主が彼らと共におられたので、ユダ族はベゼクの王アドニ・ベゼクと戦い、打ち破った。彼らは王を捕らえ、彼の親指と足の親指を切り落とした。アドニ・ベゼクはかつて七十人の王たちに同じことをし、彼らの食卓の下で食べ物を拾わせていた。今、彼自身がその報いを受けたのである。
「かつて七十人の王たちの親指を切り落としたが、今、神が私にその報いをなさった。」彼はこう言って、エルサレムに連れて行かれ、そこで死んだ。

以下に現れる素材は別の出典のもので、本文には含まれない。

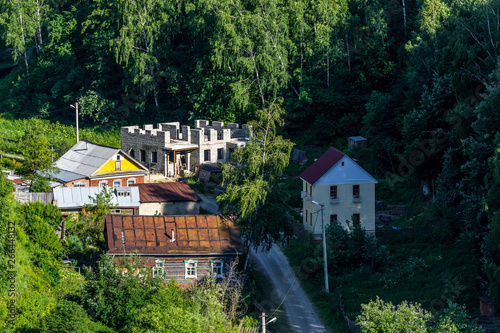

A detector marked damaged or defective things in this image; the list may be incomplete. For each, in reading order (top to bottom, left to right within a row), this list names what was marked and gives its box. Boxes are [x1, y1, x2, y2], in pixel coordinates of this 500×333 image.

rusty metal roof [298, 147, 346, 184]
rusty metal roof [133, 182, 203, 202]
rusty metal roof [105, 213, 242, 254]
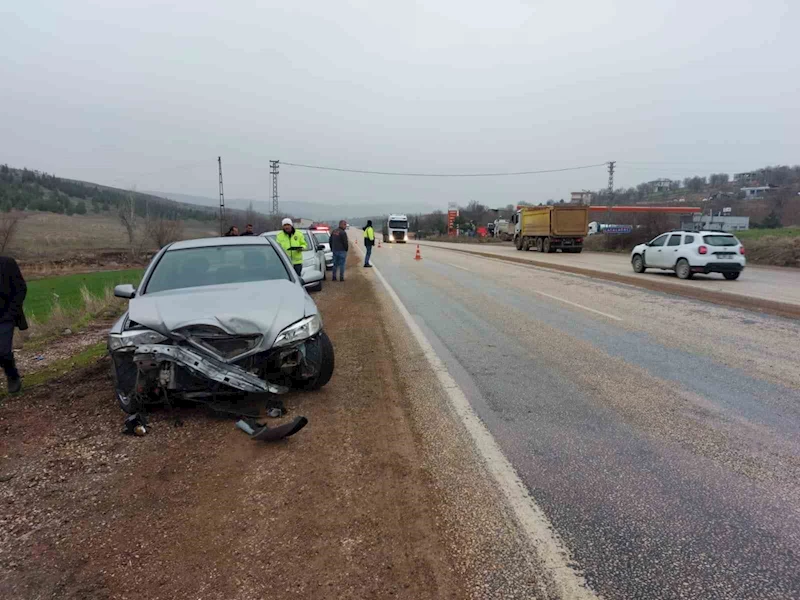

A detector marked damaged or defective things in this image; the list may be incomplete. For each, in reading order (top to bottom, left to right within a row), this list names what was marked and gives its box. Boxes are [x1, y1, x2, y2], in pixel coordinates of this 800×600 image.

broken headlight [108, 328, 167, 352]
crumpled hood [128, 278, 310, 344]
wrecked silver car [107, 237, 334, 414]
broken headlight [274, 314, 320, 346]
detached bumper [134, 344, 288, 396]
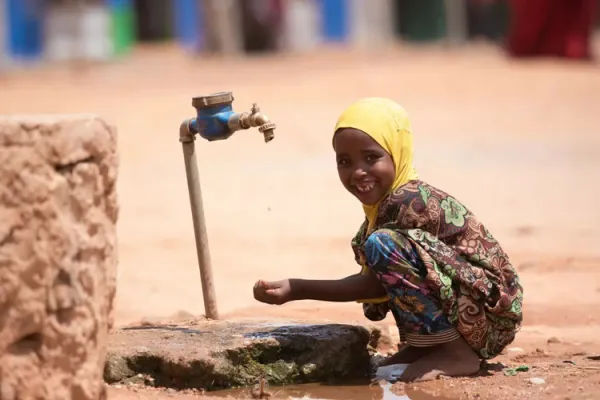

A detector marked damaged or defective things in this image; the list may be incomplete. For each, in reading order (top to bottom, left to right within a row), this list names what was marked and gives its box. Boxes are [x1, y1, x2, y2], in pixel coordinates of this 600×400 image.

cracked mud wall [0, 115, 119, 400]
rusty metal faucet [179, 92, 276, 320]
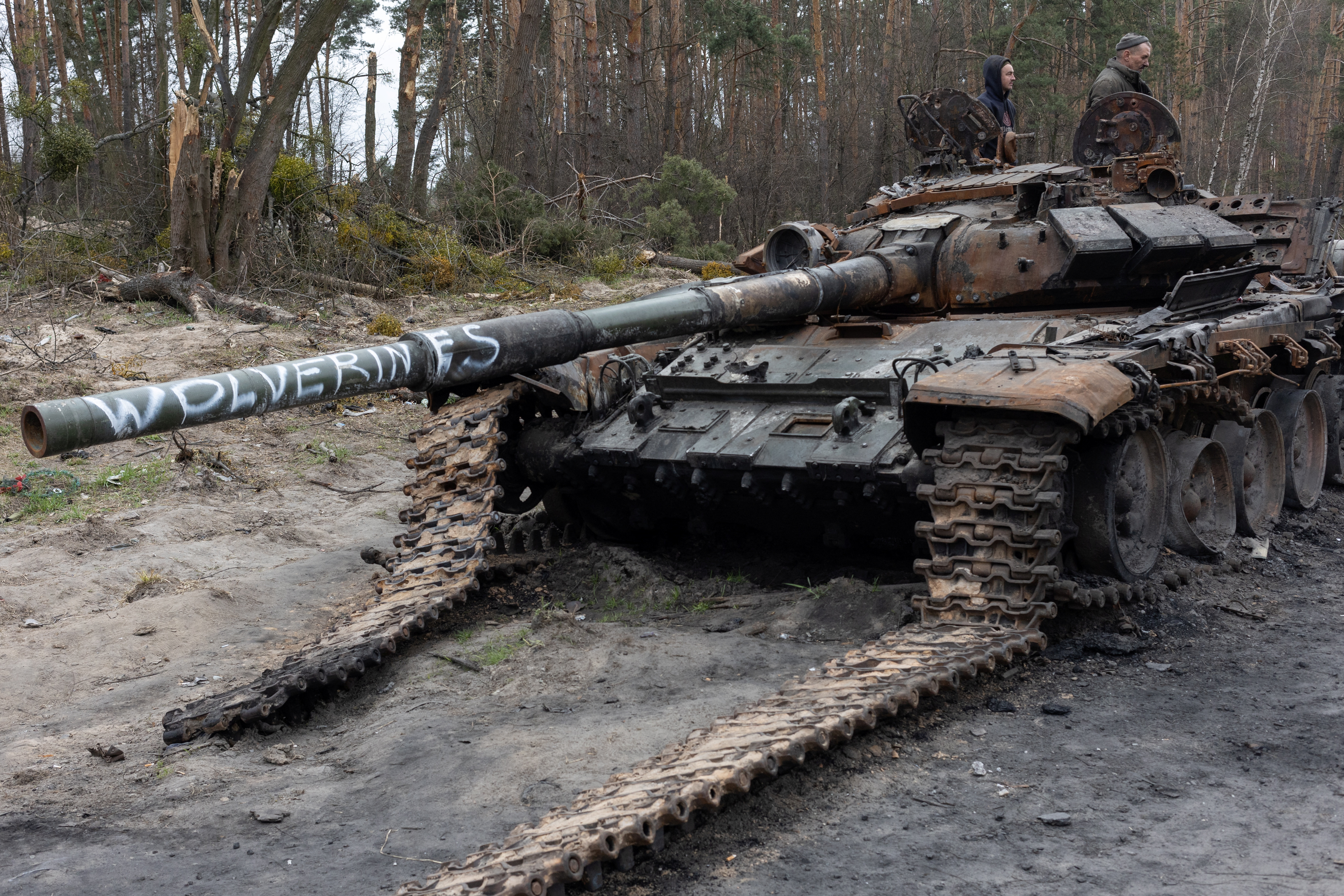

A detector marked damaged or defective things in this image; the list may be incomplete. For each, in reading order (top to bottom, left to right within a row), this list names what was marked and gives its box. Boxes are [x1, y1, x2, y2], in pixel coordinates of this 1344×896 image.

broken track link [160, 381, 527, 747]
rusted metal surface [162, 384, 529, 741]
broken track link [398, 623, 1038, 896]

ユダ族はさらにエルサレムを攻め、これを占領し、住民を剣で滅ぼし、町に火を放った。その後、彼らは山地へ進み、ネゲブやシェフェラ(低地)のカナン人と戦った。
### **カレブとオテニエル**
ユダ族はキルヤト・セフェル(デビルの町)を攻めた。カレブは宣言した。「この町を打ち破る者には、私の娘アクサを妻として与えよう。」
カレブの弟ケナズの子オテニエルが町を攻め落としたので、カレブは約束通り、娘アクサを彼に与えた。アクサは嫁ぐとき、父に土地を求めた。彼女がろばから降りると、カレブは尋ねた。「何が欲しいのか。」
アクサは答えた。「私に贈り物をください。ネゲブの地は乾いています。どうか泉もください。」カレブは上と下の泉を彼女に与えた。
### **ユダ族のさらなる進撃**
ユダ族はさらに進み、ヘブロン、デビル、ツェファテなどの町々を占領した。彼らはかつてそこに住んでいたアナク人を追い出し、山地を支配下に置いた。しかし、平野の住民は鉄の戦車を持っていたため、完全に追い出すことはできなかった。
ベニヤミン族はエルサレムのエブス人を追い出せず、彼らと共存した。ヨセフの家(エフライムとマナセ)もベテルを攻め、主が彼らと共におられた。彼らは町を偵察し、一人の男を見つけて助けた。その男は町の秘密の道を教え、イスラエルは町を打ち破った。
### **他の部族の戦い**
しかし、他の部族はカナン人を完全に追い出さなかった。
ゼブルンはキテロンの住民を追い出さず、ナフタリもベト・シェメシュやベト・アナトの住民を滅ぼさなかった。アシェルは海岸の町々の住民と共存し、ダン族はアモリ人に押し込まれ、山地に追いやられた。
### **主の警告を無視した結果**
イスラエルの民はカナン人を完全に滅ぼさず、彼らと共存した。これは後に大きな問題となる。彼らは異教の神々に惑わされ、主の道から離れることになる。
こうして、士師の時代が始まった。イスラエルは主の命令に従わず、その不従順が後の苦難を招くのである。